For me, self-hosting is just that, running my own stuff at home for myself (and my immediate family). My motivation is privacy and freedom. I want to use services that are free of commercial incentives against my interests whenever possible. That usually means self-hosting my services.
I’ve been a system and network engineer for most of my career and I like configuring and managing stuff. I like knowing how everything on my home network runs, where and what data is shared, etc.
As soon as people start talking about “my users need …” I’m out. That sounds too much like what I do at work. I want to relax when I’m at home. Jellyfin is perfect for me to do that with my content without needing any of my data to go to any companies.
For everyone who wants to be an IPTV operator, Plex is the best choice right now. Jellyfin isn’t really focused on that use case.
Jellyfin is awesome for local use, Plex is better at sharing libraries with friends and family and jellyfin is total ass for music
I run jellyfin
I don’t know if it’s improved, but I was only put off by the memory footprint on windows. Plex was running more efficiently and does look more polished. This was also impart as I now use Channels for my live TV purposes as nothing else really comes close.
It’s still installed and ready to go if I need to make the switch but I don’t really have a big enough reason to do it. Too many other things to tinker with.

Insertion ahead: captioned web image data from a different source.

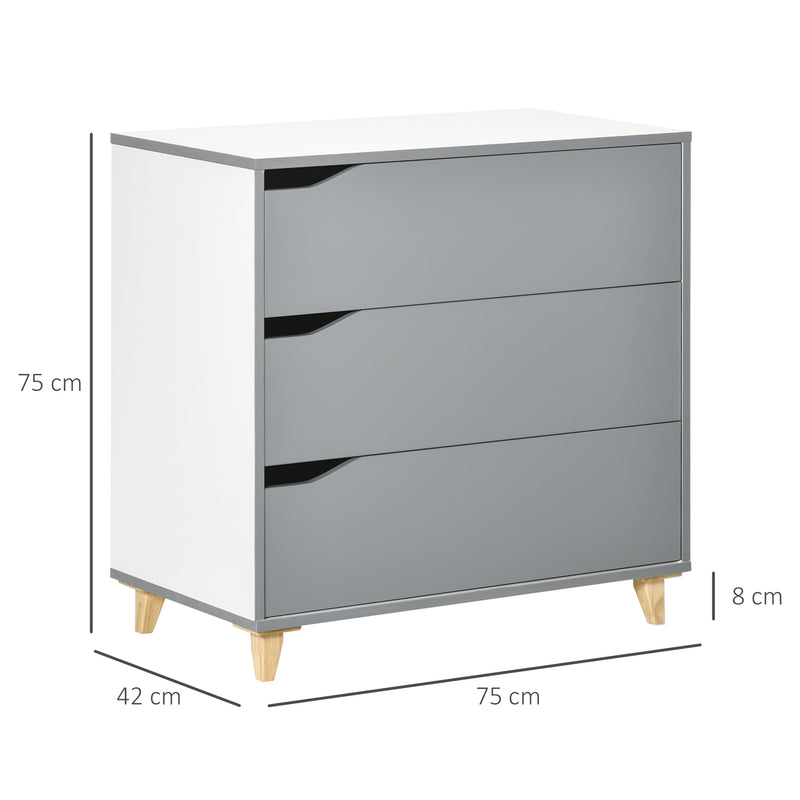 Grey 3-drawer chest – image 3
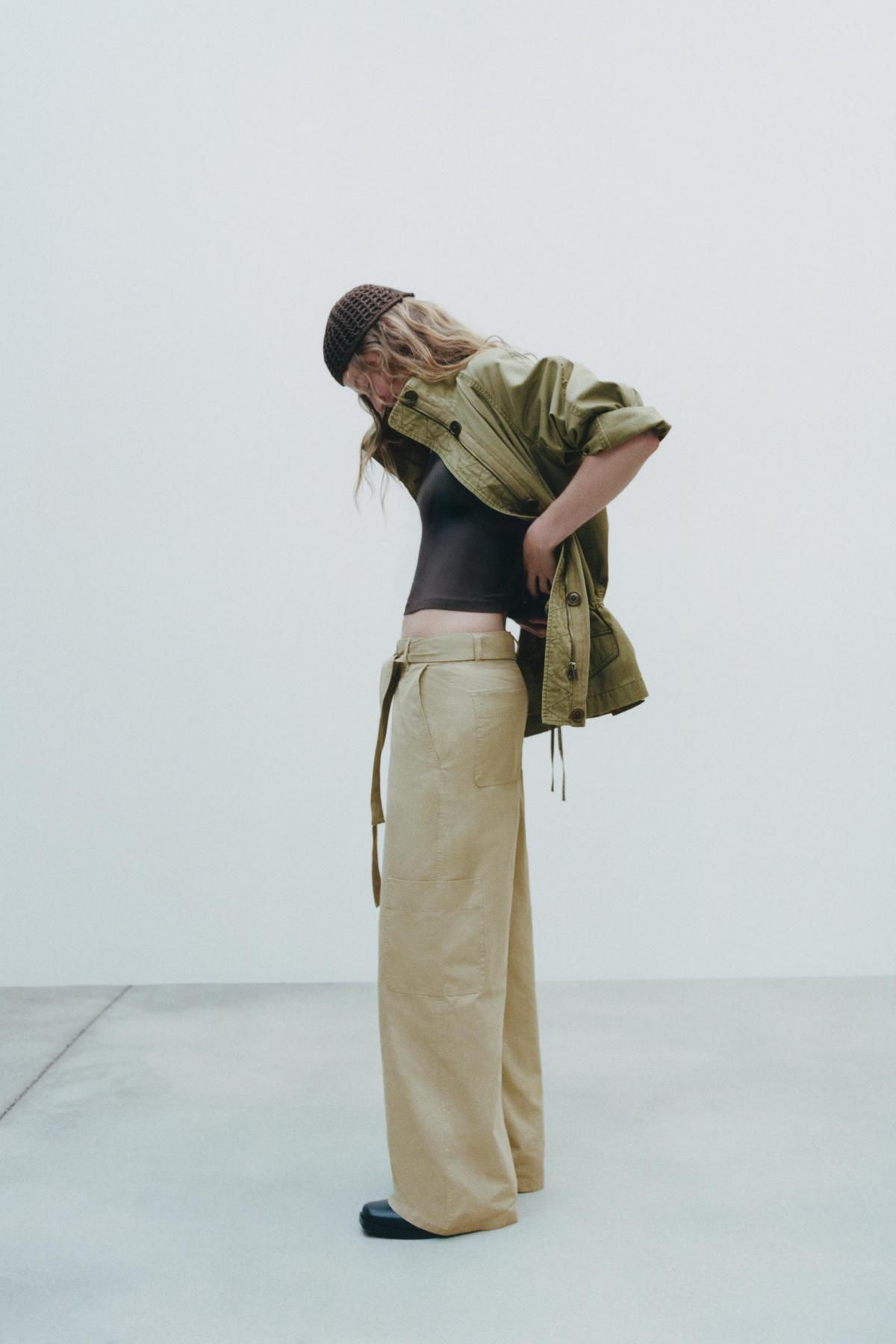 자라 하이웨이스트 볼륨 와이드 카고 팬츠 4772/503 LIGHT KHAKI - 상세 이미지 2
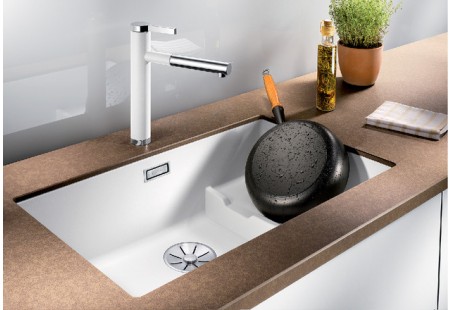 Мойка Blanco SUBLINE 700-U Level SILGRANIT белый чаша слева клапан-автомат InFino 523538 фото 8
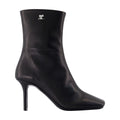 Courreges Square Toe Leather Ankle Boot — Black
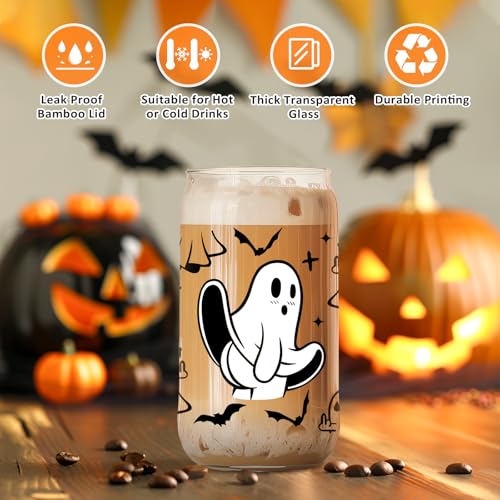 Halloween Ghost Cup with Lid & Straw - Spooky Gift for Women & Kids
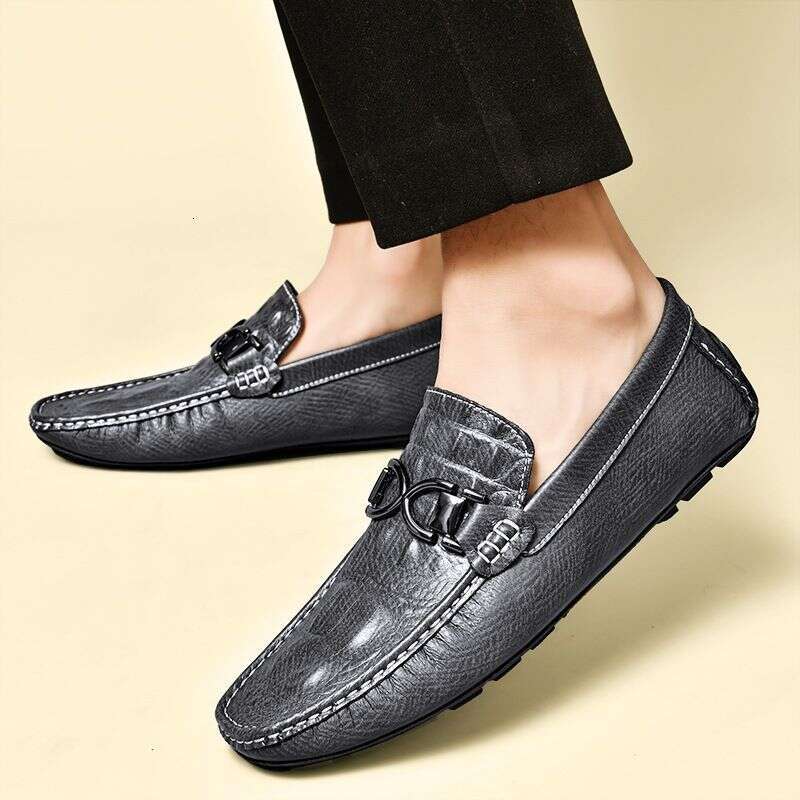 2023 new e-commerce live cowhide crocodile beans slip-on driving casual leather shoes men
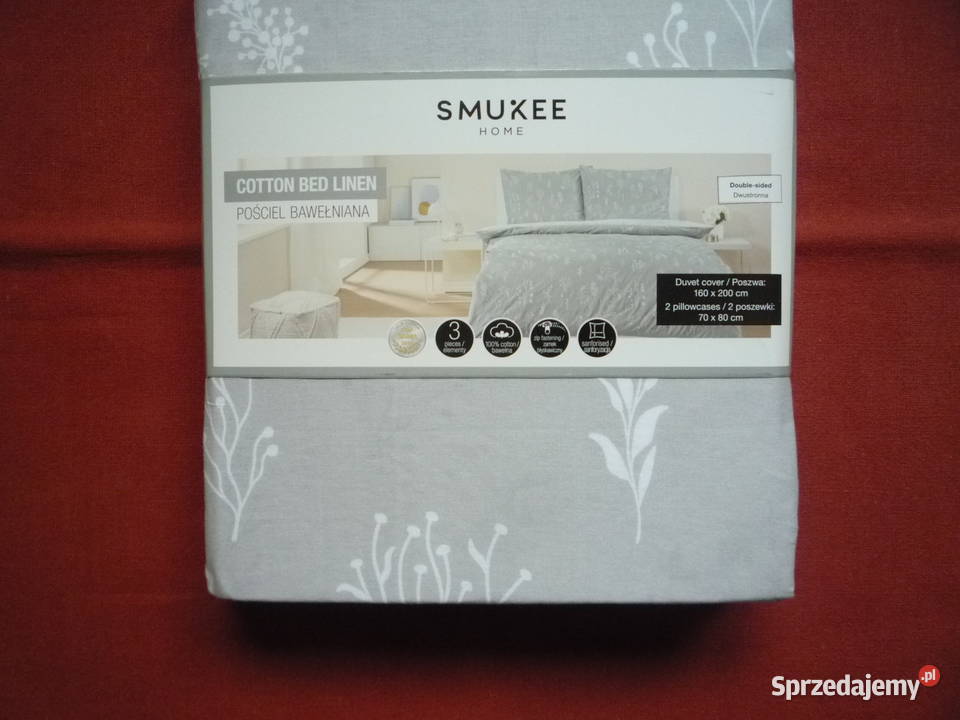 Smukee Nowa Szara pościel bawełniana 160x200 zachodniopomorskie Szczecin sprzedam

Last time I tried, there was no prebuilt client for Jellyfin on my Samsung TV. I had to put the TV in dev mode, cross compile and install their experimental code, and it honestly wasn’t that good a client.
I don’t use the paid features of Plex so I’m just holding my nose and keeping it until the alternatives become viable.
As said in literally every thread here that ever mentions anything about Plex or jellyfin, biggest is remote library sharing.
No, I will not walk my in-laws through setting up a vpn gateway so their TV will connect to me
No, despite my extensive homelab setup, I am not going to set up a reverse proxy and go through the SSL/TLS cert bullshit and expose especially considering the security limitations the devs say likely will not be fixed
There’s others, but those are the main ones for a bunch of us
I already paid when it was cheap. I’ll stay and get my full dollars worth and then some. I paid for it, I’ll use it. When it is unusable I’ll bail. Anything else is stupid.
TL;DR… Lowest common denominator stops people setting up tailscale or the like, along with sunken cost fallacy.
Problem is access outside your home for family and friends.
There are serious security gaps that make it a non starter to expose to the internet.
I’ve been using Jellyfin ever since they forked out of Envy, and honestly, it’s the biggest complaint that I have. It is incredibly difficult to make it available to friends and family who are on various devices, networks, so on and so forth.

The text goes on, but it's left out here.